### Task objective:
Restate word for word the lines of the entries below, starting with the line that holds "Modern Elegance Birthday" and ending with the line that holds "Kisasztal természetes teakfából", and no others.

Records for processing START

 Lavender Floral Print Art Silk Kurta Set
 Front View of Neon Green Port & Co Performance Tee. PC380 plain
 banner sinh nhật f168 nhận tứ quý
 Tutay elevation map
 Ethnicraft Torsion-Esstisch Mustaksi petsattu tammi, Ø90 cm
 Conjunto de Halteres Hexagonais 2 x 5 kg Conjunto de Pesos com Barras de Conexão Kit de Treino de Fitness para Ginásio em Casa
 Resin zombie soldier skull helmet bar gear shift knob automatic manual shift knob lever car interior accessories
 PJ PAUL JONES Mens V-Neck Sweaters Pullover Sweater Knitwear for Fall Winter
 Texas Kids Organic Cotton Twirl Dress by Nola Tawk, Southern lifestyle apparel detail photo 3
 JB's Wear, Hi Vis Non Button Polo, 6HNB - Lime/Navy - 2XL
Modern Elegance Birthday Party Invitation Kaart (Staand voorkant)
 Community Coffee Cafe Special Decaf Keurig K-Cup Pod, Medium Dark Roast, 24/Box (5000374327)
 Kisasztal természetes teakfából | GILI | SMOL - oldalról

Records for processing END
Records for processing START

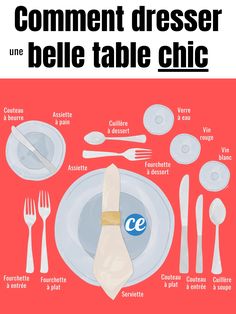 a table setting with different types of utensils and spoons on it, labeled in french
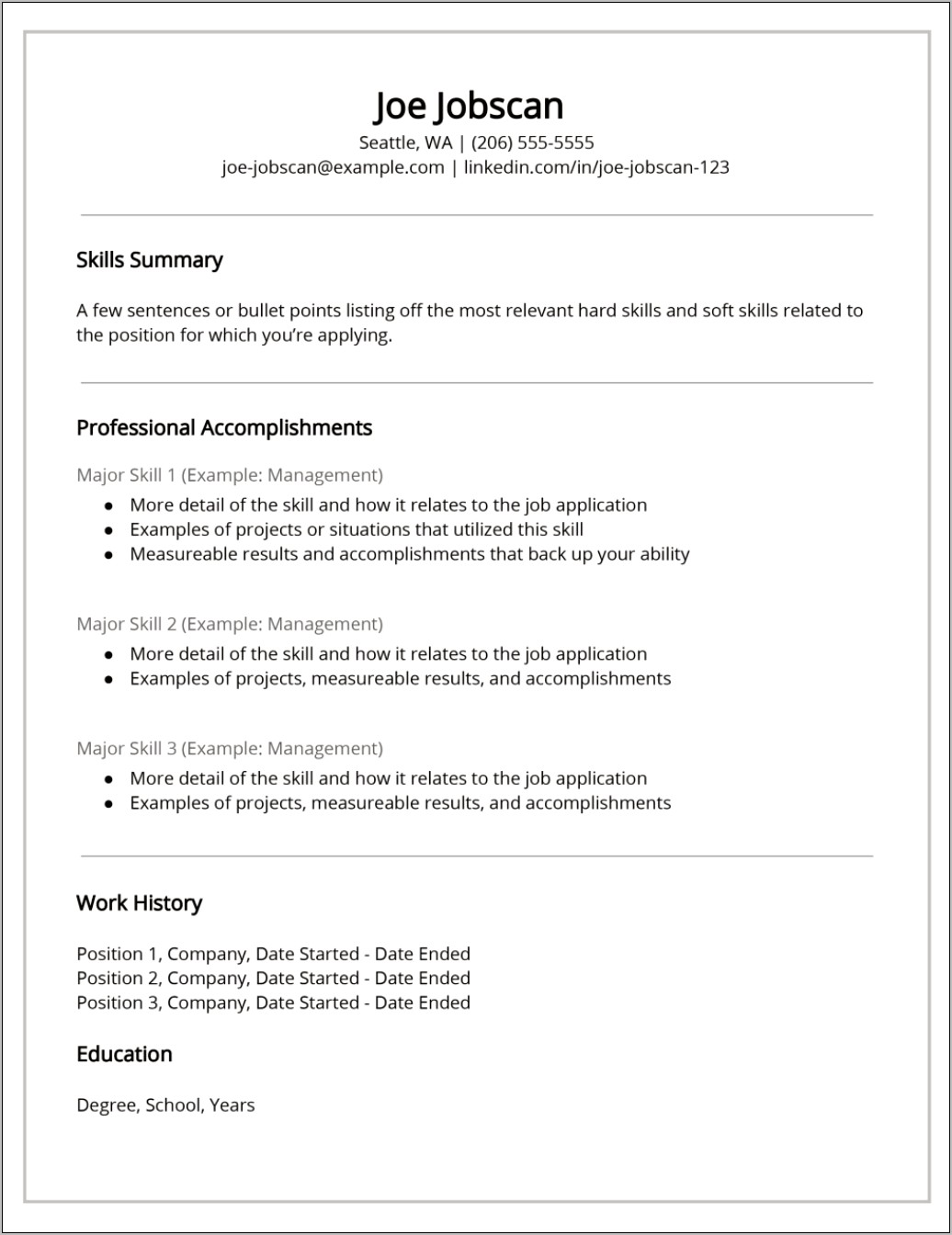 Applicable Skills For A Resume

Records for processing END

### Response below:
Modern Elegance Birthday Party Invitation Kaart (Staand voorkant)
 Community Coffee Cafe Special Decaf Keurig K-Cup Pod, Medium Dark Roast, 24/Box (5000374327)
 Kisasztal természetes teakfából | GILI | SMOL - oldalról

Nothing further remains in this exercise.